● SOURCE INFORMATION
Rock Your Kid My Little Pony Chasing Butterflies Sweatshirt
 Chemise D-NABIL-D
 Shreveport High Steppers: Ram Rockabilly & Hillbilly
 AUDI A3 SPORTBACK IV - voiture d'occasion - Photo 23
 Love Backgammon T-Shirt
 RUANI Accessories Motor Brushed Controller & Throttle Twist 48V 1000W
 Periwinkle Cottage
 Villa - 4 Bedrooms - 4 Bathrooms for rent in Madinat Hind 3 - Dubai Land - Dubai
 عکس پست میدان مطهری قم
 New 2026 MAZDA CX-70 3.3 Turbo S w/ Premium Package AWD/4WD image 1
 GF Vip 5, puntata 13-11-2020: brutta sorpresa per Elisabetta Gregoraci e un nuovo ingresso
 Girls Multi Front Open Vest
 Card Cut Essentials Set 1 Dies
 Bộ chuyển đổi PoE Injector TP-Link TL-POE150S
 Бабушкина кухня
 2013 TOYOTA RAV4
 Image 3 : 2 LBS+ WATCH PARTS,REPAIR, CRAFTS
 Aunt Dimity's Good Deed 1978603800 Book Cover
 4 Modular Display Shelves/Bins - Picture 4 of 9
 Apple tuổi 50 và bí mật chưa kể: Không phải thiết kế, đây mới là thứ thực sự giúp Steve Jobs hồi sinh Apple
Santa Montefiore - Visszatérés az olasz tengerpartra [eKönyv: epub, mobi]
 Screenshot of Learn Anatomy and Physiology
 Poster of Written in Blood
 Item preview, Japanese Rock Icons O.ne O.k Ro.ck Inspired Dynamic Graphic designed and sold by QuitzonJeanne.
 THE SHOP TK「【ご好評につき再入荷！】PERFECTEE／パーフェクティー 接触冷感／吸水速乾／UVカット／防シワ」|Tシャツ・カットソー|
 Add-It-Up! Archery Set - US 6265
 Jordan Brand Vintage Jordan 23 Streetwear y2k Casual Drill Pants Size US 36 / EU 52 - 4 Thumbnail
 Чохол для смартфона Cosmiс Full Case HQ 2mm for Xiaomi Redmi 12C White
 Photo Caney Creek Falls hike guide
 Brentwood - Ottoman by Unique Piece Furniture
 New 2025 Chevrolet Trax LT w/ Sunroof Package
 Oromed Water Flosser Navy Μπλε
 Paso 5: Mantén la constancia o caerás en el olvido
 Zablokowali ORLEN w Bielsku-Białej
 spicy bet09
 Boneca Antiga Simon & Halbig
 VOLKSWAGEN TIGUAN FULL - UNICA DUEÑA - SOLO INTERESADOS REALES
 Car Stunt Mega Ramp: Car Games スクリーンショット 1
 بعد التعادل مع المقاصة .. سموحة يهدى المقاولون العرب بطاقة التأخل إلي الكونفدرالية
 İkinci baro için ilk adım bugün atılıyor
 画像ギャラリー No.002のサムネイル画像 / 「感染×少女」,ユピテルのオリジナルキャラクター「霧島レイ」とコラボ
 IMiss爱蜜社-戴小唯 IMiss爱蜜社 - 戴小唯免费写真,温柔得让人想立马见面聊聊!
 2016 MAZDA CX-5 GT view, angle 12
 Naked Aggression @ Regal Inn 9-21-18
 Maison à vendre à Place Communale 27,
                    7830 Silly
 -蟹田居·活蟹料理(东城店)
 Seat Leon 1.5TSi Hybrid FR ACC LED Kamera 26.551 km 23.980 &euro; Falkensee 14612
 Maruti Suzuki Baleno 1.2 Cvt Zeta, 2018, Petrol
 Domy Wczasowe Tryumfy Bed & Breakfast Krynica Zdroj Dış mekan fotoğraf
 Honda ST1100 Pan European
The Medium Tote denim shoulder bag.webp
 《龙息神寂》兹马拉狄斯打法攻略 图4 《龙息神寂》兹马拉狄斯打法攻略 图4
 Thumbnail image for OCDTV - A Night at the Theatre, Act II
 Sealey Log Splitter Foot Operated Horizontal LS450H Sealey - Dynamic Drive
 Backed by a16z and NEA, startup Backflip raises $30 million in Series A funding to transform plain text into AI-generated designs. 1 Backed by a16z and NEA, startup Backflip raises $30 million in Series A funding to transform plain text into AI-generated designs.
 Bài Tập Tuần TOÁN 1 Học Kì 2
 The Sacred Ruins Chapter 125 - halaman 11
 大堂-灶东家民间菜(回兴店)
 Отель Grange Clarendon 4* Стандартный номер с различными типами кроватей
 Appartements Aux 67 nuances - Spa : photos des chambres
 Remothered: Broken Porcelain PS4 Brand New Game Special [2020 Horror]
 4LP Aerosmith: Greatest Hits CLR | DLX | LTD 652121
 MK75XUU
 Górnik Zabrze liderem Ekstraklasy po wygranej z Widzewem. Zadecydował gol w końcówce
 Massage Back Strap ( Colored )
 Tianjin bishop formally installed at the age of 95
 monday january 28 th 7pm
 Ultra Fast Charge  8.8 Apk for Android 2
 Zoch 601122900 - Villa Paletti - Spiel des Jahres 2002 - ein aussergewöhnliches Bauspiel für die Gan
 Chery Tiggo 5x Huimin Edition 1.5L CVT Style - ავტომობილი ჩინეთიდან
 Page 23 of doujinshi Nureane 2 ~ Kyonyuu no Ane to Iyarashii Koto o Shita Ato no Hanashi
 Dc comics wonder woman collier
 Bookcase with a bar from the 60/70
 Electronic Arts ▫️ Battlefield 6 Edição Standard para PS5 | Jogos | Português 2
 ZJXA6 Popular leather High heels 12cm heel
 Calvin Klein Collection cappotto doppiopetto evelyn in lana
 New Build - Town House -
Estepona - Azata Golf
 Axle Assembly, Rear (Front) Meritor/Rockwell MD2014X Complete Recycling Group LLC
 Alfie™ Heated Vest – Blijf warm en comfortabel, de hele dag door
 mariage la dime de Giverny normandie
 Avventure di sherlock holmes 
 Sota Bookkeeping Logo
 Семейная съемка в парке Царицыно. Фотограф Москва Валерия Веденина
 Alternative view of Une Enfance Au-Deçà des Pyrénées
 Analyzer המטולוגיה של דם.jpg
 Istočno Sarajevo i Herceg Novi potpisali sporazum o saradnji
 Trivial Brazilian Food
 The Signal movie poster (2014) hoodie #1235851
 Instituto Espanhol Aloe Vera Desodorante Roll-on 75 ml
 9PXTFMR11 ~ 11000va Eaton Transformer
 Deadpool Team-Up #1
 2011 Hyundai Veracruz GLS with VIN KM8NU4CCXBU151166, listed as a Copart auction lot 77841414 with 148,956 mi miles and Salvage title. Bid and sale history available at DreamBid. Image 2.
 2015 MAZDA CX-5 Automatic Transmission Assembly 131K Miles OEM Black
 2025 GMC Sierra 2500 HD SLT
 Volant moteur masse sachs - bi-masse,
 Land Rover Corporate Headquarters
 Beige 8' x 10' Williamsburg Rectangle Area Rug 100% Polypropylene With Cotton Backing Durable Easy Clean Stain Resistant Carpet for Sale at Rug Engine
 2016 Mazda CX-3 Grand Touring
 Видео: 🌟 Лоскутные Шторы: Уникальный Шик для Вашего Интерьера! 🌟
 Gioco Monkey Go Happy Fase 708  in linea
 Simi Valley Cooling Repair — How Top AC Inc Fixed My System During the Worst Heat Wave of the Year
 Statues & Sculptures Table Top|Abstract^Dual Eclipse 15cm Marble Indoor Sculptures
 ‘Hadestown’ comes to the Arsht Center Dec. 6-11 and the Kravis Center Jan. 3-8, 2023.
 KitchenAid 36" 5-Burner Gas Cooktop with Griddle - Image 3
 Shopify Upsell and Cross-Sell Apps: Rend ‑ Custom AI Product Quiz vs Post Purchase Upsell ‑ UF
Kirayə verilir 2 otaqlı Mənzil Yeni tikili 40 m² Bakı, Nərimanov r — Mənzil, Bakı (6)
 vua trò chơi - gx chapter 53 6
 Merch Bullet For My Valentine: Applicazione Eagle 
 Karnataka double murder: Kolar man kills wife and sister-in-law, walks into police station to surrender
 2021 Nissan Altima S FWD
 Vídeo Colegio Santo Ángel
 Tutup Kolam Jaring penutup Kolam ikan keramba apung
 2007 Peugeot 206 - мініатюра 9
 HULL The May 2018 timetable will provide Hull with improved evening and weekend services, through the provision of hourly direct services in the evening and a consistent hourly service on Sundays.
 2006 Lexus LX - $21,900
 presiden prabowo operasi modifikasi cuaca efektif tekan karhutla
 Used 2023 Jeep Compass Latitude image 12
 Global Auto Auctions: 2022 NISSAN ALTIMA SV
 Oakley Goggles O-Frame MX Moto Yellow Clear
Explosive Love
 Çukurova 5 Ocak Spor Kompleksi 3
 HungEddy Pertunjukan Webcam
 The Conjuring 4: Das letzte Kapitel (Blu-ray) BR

● TASK INSTRUCTIONS
Since only part of the listing is wanted, copy exactly the lines from the one holding "Chery Tiggo 5x" to the one holding "Bookcase with a bar from the 60/70", both included.

● SOLUTION TO THE EXERCISE
 Chery Tiggo 5x Huimin Edition 1.5L CVT Style - ავტომობილი ჩინეთიდან
 Page 23 of doujinshi Nureane 2 ~ Kyonyuu no Ane to Iyarashii Koto o Shita Ato no Hanashi
 Dc comics wonder woman collier
 Bookcase with a bar from the 60/70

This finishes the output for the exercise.